Regression - using labels to predict a **continuous** output

### Types of regression
- Linear regression: **zz** linear relation ($y = mx + b$)
- Polynomial regression: curved relation ($y = mx_2 + b$)
- Multiple Linear Regression: more than one feature/independent variable ($y = w_1x_1 + w_2x_2 + b$)

### Feature Vector

Given you have $n$ features, here is one sample in the data set, where $i$ is the index of the sample:

$x^{(i)} = [x_{(1)}^{(i)}, x_{(2)}^{(i)}, x_{(3)}^{(i)}, ..., x_{(n)}^{(i)}] $

Make a design feature vector by adding a 1 to the begining of the vector to account for the bias b:

$x^{(i)} = [1^{(i)}, x_{(1)}^{(i)}, x_{(2)}^{(i)}, x_{(3)}^{(i)}, ..., x_{(n)}] $ 

Now create a weight vector that is size $n + 1$:

$w = [w_{(1)}, w_{(2)}]$

### Hypothesis 

Your prediction or hypothesis is $h(x;w) = w_T \cdot x_{i}$

$w_T$ is the transposed weight matrix and $x_{i}$ is the feature vector at $i$:

$h(x;w) = [w_{(1)}, w_{(2)}, ...,  w_{(n+1)}] \cdot \begin{pmatrix} \\1^{(i)} \\x_{(1)}^{(i)} \\... \\x_{(n)}^{(i)}\end{pmatrix}$

which would yield:

$h(x;w) = w_{(1)}(1)^{(i)} + w_{(2)}x_{(1)}^{(i)} + ... + w_{(n+1)}x_{(n)}^{(i)} $


Since $w_{(1)}(1)^{(i)}$ is the same as $w_{(1)}$ we can just call that $b$ or the bias.

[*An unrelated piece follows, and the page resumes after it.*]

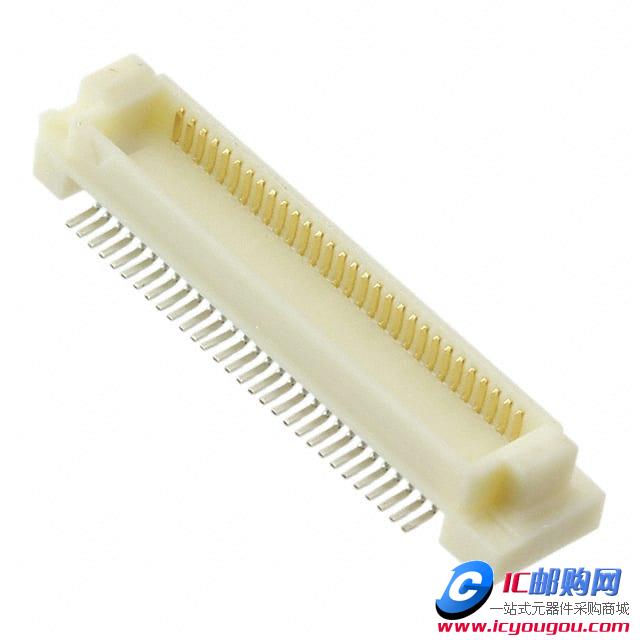 FX8-60P-SV1(21)DƬ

### Measuring our Regression
We can use Mean Squared Error to see how good our prediction is compared to the actual data.

We create a **cost/loss** function:

$J(w) = \frac{1}{2} \sum_{i=1}^{m} (h(x^i;w) - y^i)^2$


where $i$ is the index of the training sample, $m$ is the number of samples, $y$ is the label, and $x$ is the feature vector, and $h(x^i;w)$ is the prediction.

# Gradient Descent

We are incrementally changing the vector $w_{j+1}$'s values to minimize the cost function ($J(w)$). We do this by taking the derrivitive of the cost fucntion $\nabla J(w)$, scaling it by a learning rate ($\alpha$) and subtracting the obtained value from the current $w_{j}$.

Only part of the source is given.